_Goal of the exercise_: An exact transcript is required of the lines below, from the one containing "CalmGlow Lamp - Runde Touch-Dimm-Tischlampe" through the very last; leave every picture out of it.

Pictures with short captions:
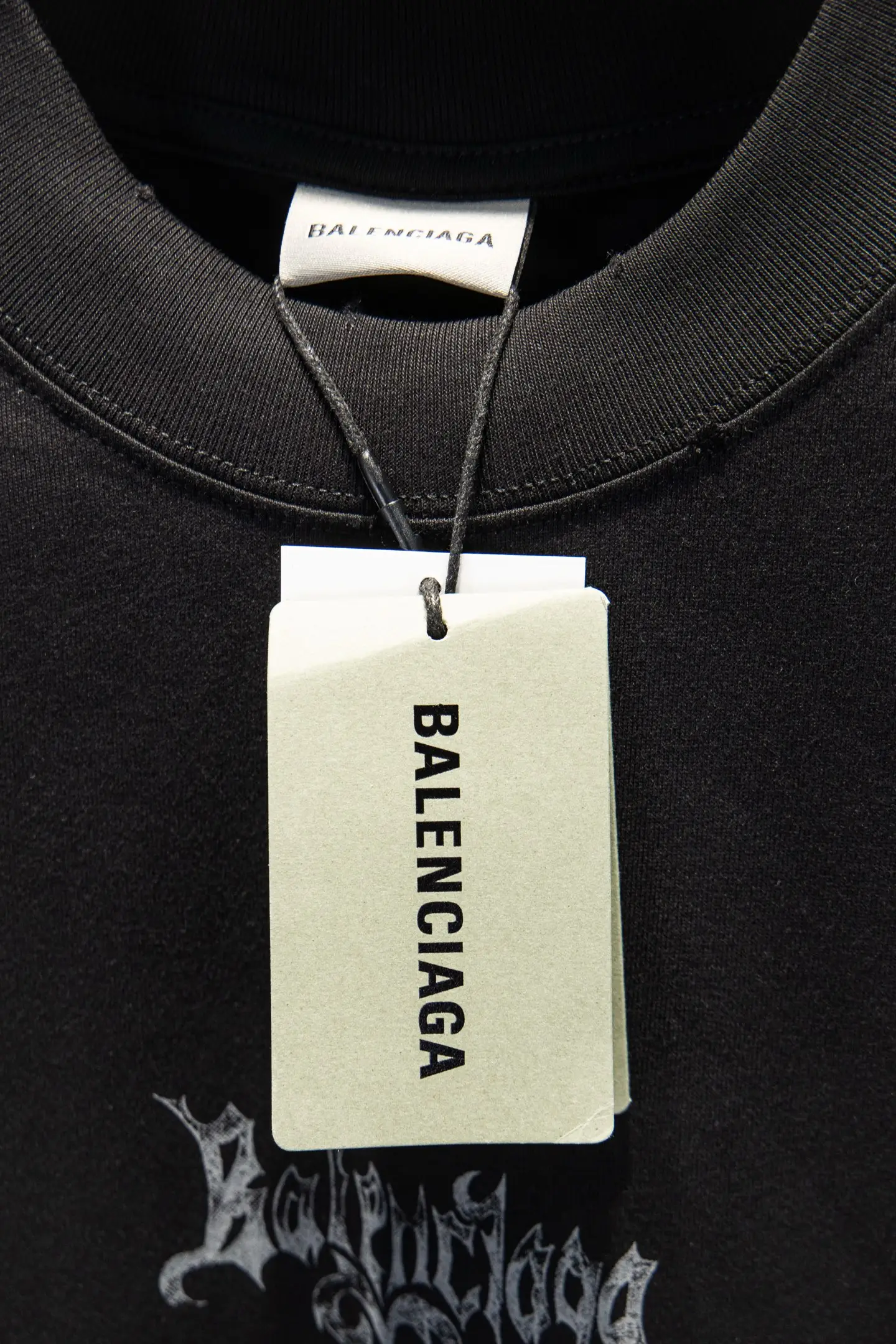 Oversized Distressed Logo T-Shirt D9924225 — view 8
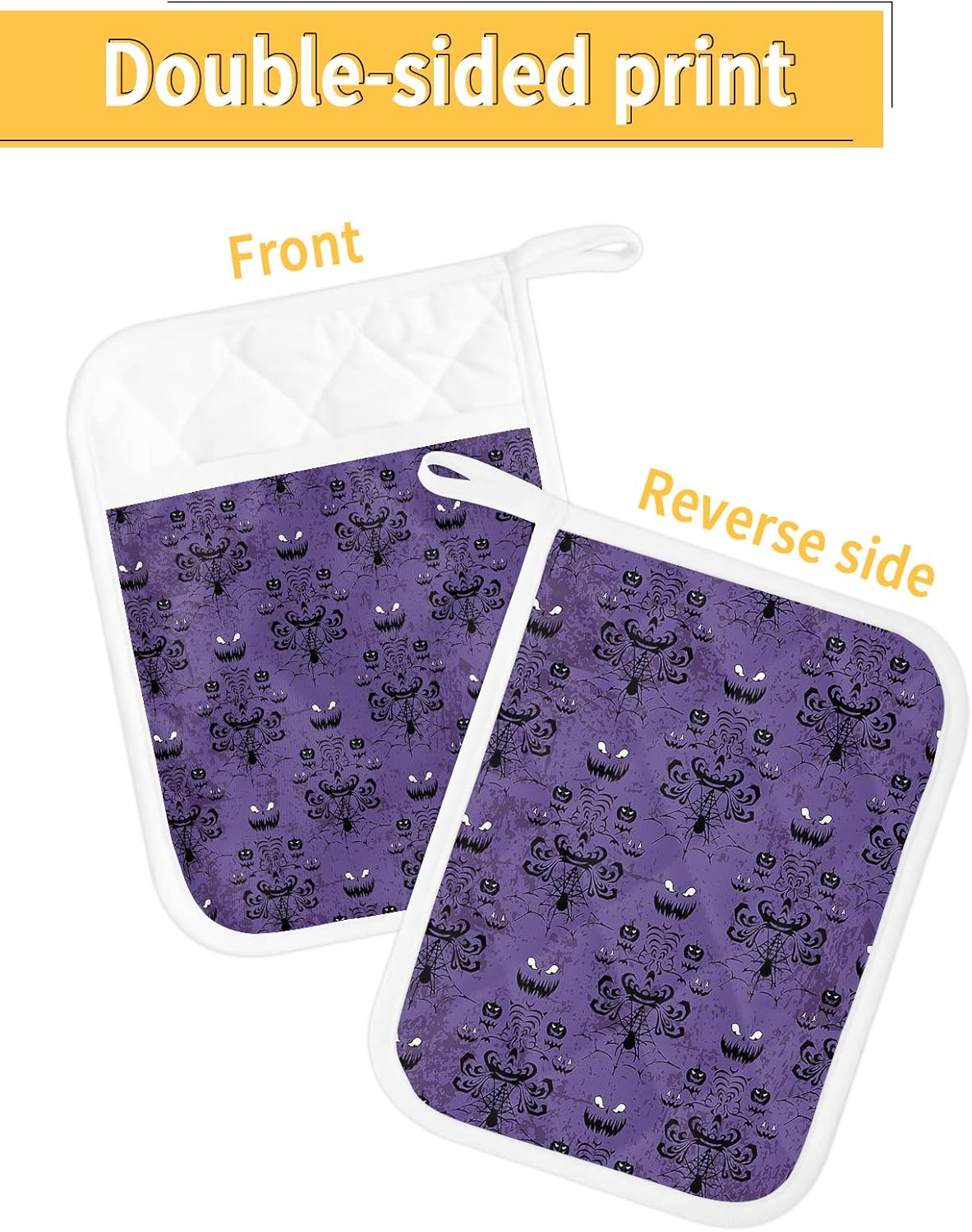 Halloween Ghost Pumpkin Pot Holder Set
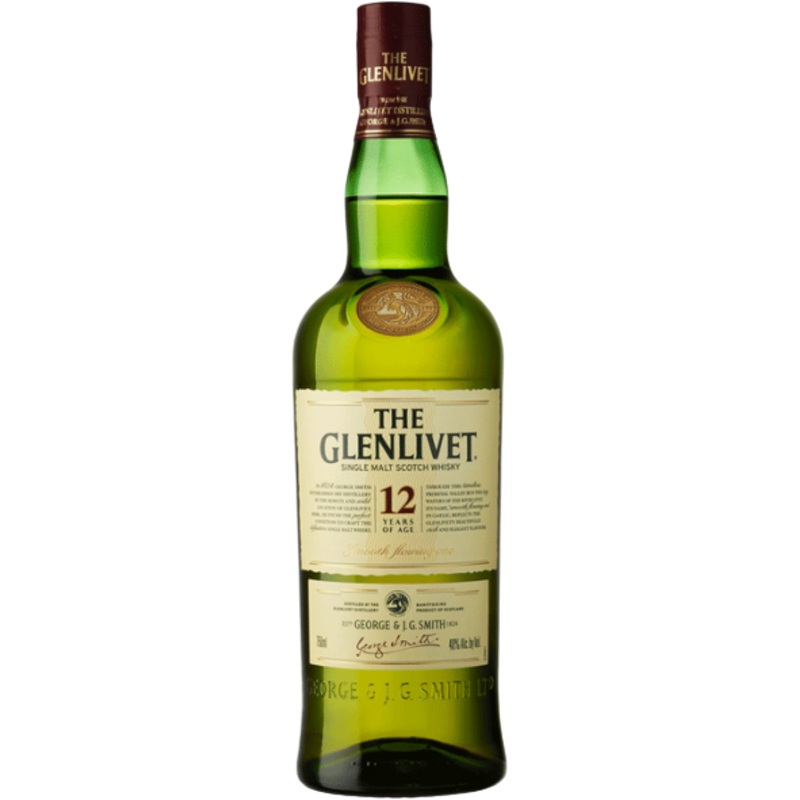 The Glenlivet Single Malt Scotch 12 Yr 80 1.75 L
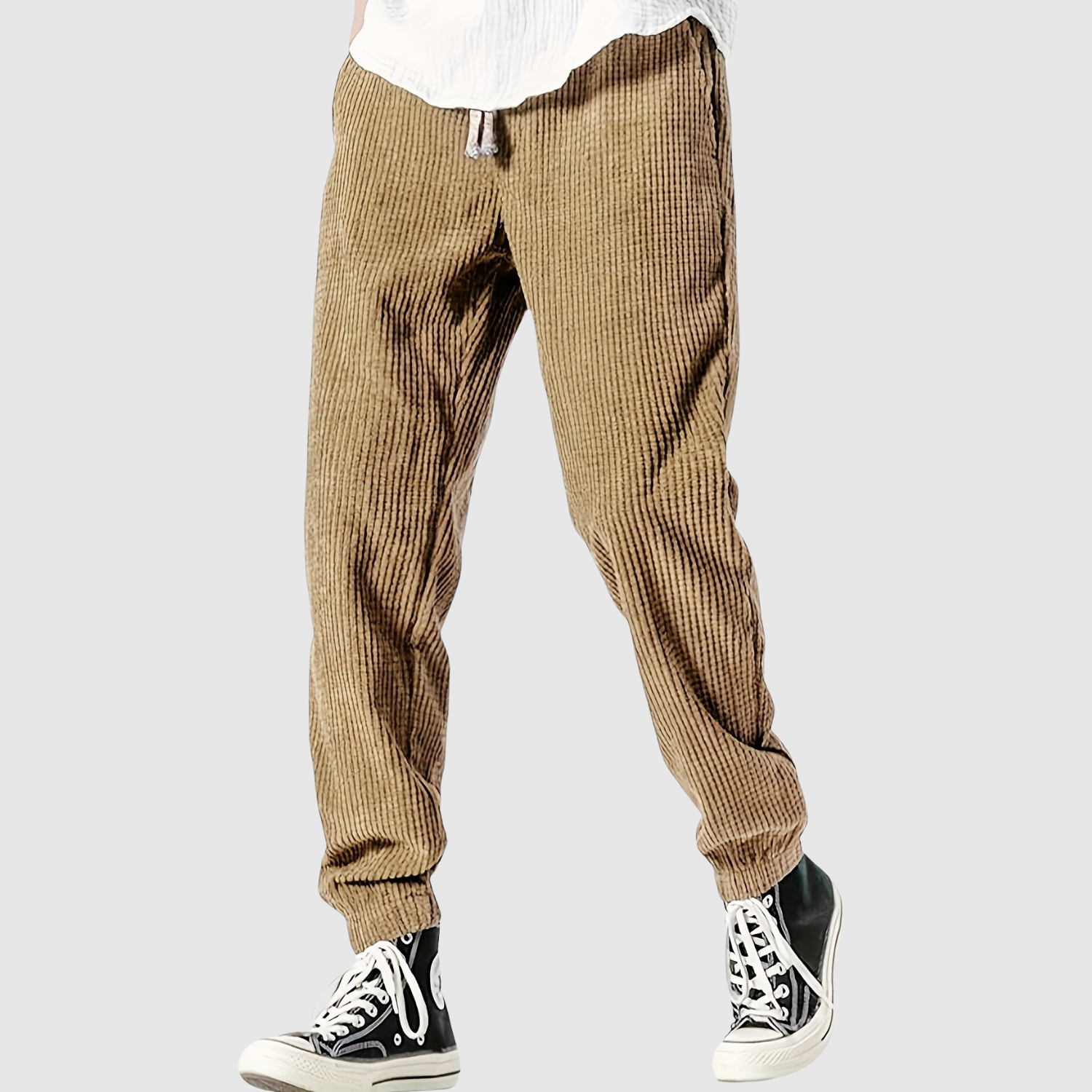 Leo – Casual kalhoty s páskem v pase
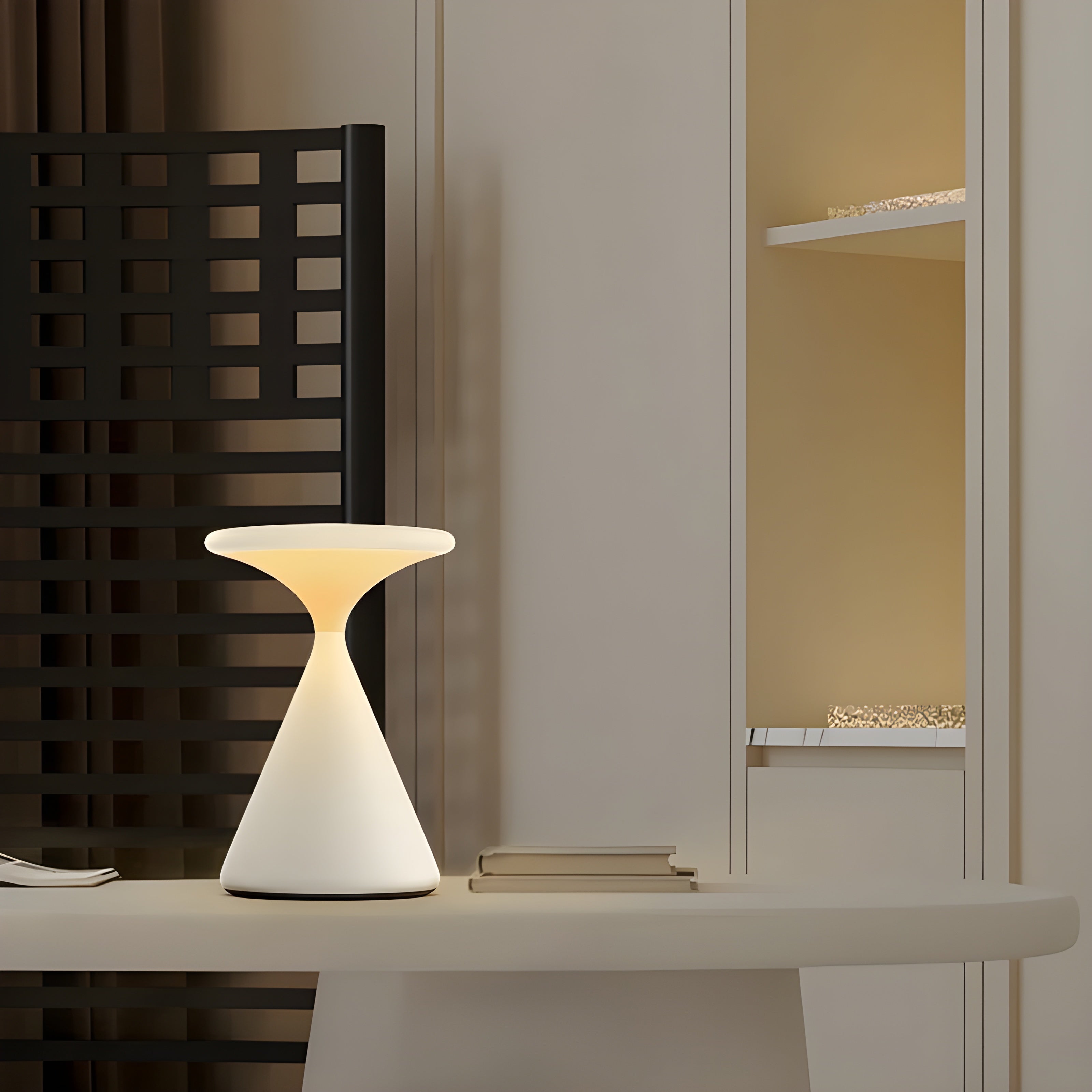CalmGlow Lamp - Runde Touch-Dimm-Tischlampe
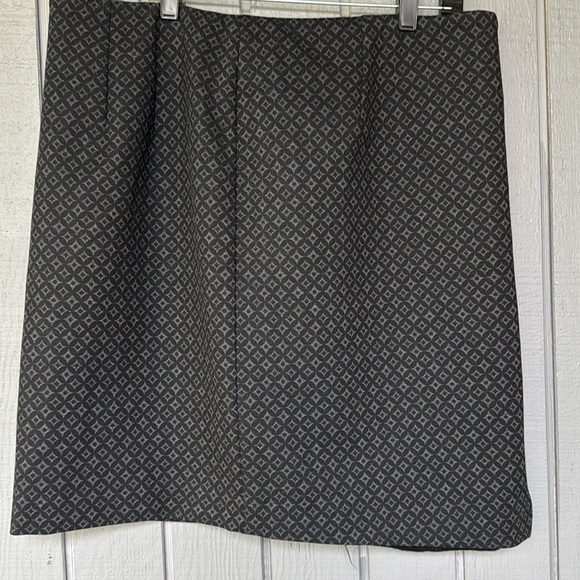 Nwt Amanda & Chelsea Black Patterned Skirt Size 14 - Picture 6 of 7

_Completed task_:
CalmGlow Lamp - Runde Touch-Dimm-Tischlampe
 Nwt Amanda & Chelsea Black Patterned Skirt Size 14 - Picture 6 of 7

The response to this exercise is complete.